The Minnesota Public Utilities Commission (PUC) should reject Enbridge’s Line 3 proposal based on the biased and self-serving arguments Enbridge used during the regulatory review process. Minnesota needs credible partners in such major infrastructure projects.
Administrative Law Judge Ann O’Reilly’s Line 3 report to the PUC identifies several key areas where Enbridge’s flawed arguments undercut its credibility as an honest broker of information.
On the surface, O’Reilly’s report was something of a head scratcher, proposing an unpopular and unworkable option. She recommends taking the old pipeline out of its current trench and installing the new pipeline in the same trench.
Enbridge wants to open a new pipeline corridor. It knows it won’t get permission from Leech Lake or Fond du Lac to run a new line through their reservations. Enbrige also wants to avoid the extra costs of removing the old pipeline, a bill it places at $1.2 billion. On the other side, the tribes don’t like O’Reilly’s recommendation. They not only want the pipelines off reservation land, but off the treaty territory where they have reserved rights to hunt, fish and gather.
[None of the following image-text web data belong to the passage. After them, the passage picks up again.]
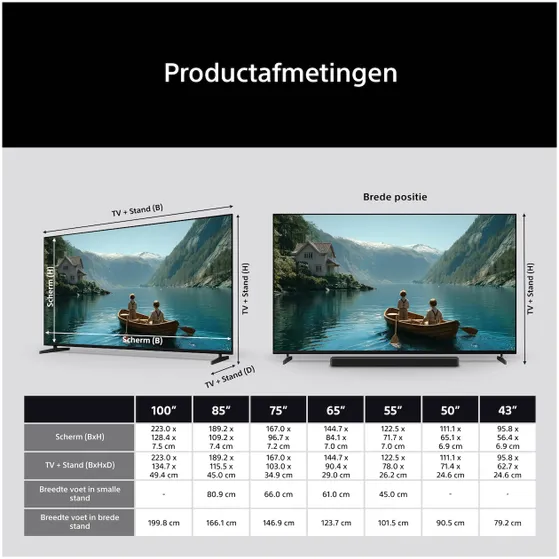Sony K-85XR35M2PB (2026) BRAVIA 3 II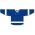 Athletic Knit H550B-TAM488B Pro Hockey Jersey - 2011 Tampa Bay Royal - Front
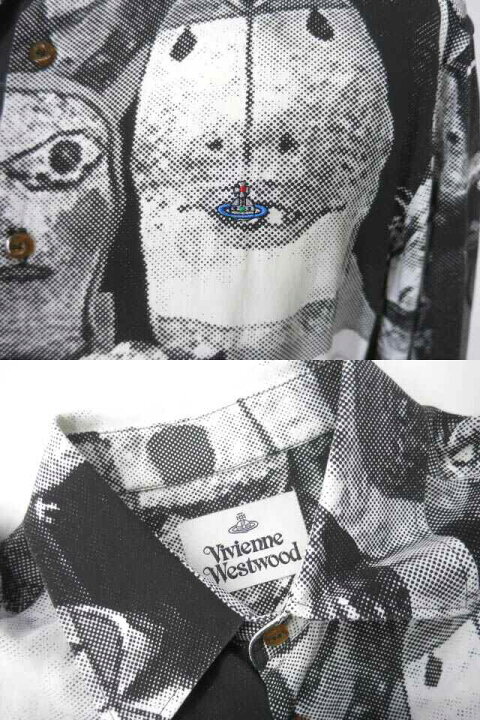 楽天市場】【中古】 Vivienne Westwood / パペットシャツ ヴィヴィアン  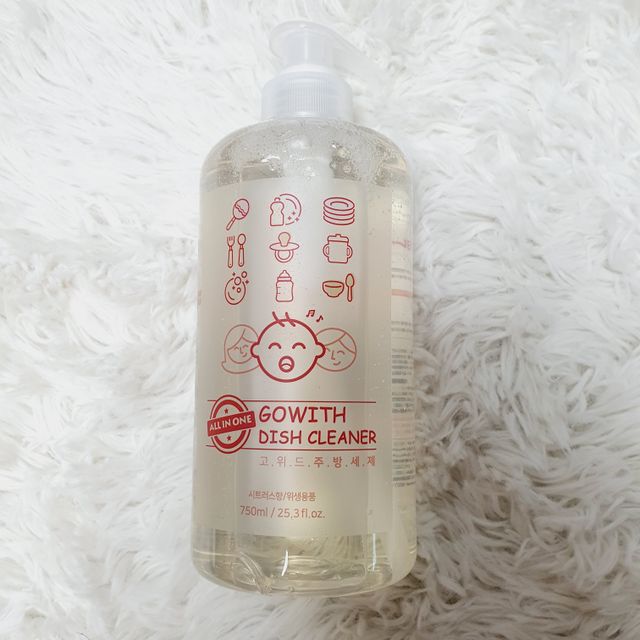 고위드올인원 주방세제 750ml 리뷰 사진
O’Reillly’s recommendation seems to leave the PUC in the lurch.
Yet dig into O’Reilly’s report and you find damaging criticism of Enbridge’s testimony. First, Enbridge failed to adequately assess the environmental damage that its proposed new Line 3 corridor would create and ignores the culture impacts the project would have on the Anishinaabe people. Second, she disputes key parts of Enbridge’s expert testimony on the demand for crude oil — the essential facts the company needs to justify building a new pipeline. Lastly, she questions Enbridge’s credibility on the arguments it used to avoid having to pay to remove the old pipeline.
The PUC needs to take these credibility issues to heart. It is expected to vote on Line 3 in June.